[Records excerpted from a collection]
__________

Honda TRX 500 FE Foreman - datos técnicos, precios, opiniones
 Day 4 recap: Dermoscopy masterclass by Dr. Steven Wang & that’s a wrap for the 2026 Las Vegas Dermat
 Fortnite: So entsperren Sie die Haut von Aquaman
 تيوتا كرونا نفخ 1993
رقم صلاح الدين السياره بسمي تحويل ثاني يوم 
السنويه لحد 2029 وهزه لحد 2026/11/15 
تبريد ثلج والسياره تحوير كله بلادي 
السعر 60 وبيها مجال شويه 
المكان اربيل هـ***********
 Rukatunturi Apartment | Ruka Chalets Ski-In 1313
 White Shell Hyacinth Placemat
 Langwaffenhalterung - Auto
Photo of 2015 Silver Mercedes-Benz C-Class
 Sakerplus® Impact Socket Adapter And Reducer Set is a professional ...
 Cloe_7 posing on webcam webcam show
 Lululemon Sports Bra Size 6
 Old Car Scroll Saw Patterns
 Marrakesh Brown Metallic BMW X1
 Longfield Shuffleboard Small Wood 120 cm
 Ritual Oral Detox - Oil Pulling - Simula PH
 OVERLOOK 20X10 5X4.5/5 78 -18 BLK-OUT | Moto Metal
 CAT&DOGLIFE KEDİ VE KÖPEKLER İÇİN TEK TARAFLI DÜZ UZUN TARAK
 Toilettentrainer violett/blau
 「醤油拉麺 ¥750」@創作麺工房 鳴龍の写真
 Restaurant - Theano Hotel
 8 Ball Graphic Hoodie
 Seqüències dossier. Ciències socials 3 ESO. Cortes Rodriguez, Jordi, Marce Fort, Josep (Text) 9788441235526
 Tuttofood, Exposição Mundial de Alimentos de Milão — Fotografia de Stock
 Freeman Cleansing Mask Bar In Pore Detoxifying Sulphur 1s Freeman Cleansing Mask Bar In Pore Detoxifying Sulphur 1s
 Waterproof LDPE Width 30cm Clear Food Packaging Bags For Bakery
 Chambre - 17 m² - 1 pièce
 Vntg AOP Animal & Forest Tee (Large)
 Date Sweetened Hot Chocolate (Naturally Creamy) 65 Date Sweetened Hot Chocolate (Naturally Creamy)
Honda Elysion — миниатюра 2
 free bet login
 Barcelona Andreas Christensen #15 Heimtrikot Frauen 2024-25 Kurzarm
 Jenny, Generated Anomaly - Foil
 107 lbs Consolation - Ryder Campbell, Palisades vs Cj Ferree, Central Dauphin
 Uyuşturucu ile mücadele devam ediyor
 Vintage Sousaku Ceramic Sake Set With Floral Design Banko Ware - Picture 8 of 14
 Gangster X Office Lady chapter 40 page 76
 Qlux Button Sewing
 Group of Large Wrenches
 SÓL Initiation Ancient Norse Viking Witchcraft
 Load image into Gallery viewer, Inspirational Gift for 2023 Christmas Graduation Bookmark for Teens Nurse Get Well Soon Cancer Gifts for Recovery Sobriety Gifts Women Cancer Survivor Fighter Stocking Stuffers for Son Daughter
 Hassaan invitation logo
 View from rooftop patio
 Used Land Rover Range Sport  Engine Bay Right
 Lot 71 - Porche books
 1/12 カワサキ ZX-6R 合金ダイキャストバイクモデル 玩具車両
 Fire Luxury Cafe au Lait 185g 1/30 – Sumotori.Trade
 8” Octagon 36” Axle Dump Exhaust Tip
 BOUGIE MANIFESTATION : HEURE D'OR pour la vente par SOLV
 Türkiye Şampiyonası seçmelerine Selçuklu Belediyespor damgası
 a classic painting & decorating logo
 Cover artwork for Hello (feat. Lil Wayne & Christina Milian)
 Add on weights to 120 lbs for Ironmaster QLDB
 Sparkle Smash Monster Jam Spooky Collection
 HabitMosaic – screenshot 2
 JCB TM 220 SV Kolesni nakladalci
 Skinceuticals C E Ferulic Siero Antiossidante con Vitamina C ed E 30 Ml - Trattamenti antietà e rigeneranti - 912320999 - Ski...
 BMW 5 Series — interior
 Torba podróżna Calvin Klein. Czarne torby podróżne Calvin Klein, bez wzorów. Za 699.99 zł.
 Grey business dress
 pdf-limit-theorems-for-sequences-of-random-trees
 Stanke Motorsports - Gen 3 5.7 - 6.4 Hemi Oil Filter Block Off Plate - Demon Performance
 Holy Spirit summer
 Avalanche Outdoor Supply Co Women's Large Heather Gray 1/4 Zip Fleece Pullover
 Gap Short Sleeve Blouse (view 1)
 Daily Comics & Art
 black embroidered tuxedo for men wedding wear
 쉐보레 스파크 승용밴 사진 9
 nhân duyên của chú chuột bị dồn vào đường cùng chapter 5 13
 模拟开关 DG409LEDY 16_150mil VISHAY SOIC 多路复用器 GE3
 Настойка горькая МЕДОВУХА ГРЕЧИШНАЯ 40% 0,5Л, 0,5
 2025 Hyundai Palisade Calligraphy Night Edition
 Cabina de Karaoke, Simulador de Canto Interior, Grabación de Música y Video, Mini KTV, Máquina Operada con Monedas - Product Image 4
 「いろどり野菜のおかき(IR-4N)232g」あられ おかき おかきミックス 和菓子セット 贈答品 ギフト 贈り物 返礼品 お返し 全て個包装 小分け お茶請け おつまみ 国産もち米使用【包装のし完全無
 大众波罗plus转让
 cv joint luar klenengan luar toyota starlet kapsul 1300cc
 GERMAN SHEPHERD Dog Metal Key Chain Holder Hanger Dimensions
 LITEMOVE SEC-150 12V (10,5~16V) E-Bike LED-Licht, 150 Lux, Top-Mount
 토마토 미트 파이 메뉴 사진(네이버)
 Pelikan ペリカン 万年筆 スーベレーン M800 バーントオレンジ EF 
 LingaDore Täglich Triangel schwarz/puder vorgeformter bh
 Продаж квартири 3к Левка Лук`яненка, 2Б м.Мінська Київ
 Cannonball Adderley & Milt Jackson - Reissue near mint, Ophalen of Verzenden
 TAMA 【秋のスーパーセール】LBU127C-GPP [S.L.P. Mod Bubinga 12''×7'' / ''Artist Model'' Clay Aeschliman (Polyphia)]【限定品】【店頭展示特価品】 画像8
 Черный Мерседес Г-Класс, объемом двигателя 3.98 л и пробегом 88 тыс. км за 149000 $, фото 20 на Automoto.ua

__________

WHAT IS NEEDED :: The lines from the top of the data above down to the line containing "المكان اربيل هـ***********" are to be copied exactly; no other line should appear.

ANSWER ::
Honda TRX 500 FE Foreman - datos técnicos, precios, opiniones
 Day 4 recap: Dermoscopy masterclass by Dr. Steven Wang & that’s a wrap for the 2026 Las Vegas Dermat
 Fortnite: So entsperren Sie die Haut von Aquaman
 تيوتا كرونا نفخ 1993
رقم صلاح الدين السياره بسمي تحويل ثاني يوم 
السنويه لحد 2029 وهزه لحد 2026/11/15 
تبريد ثلج والسياره تحوير كله بلادي 
السعر 60 وبيها مجال شويه 
المكان اربيل هـ***********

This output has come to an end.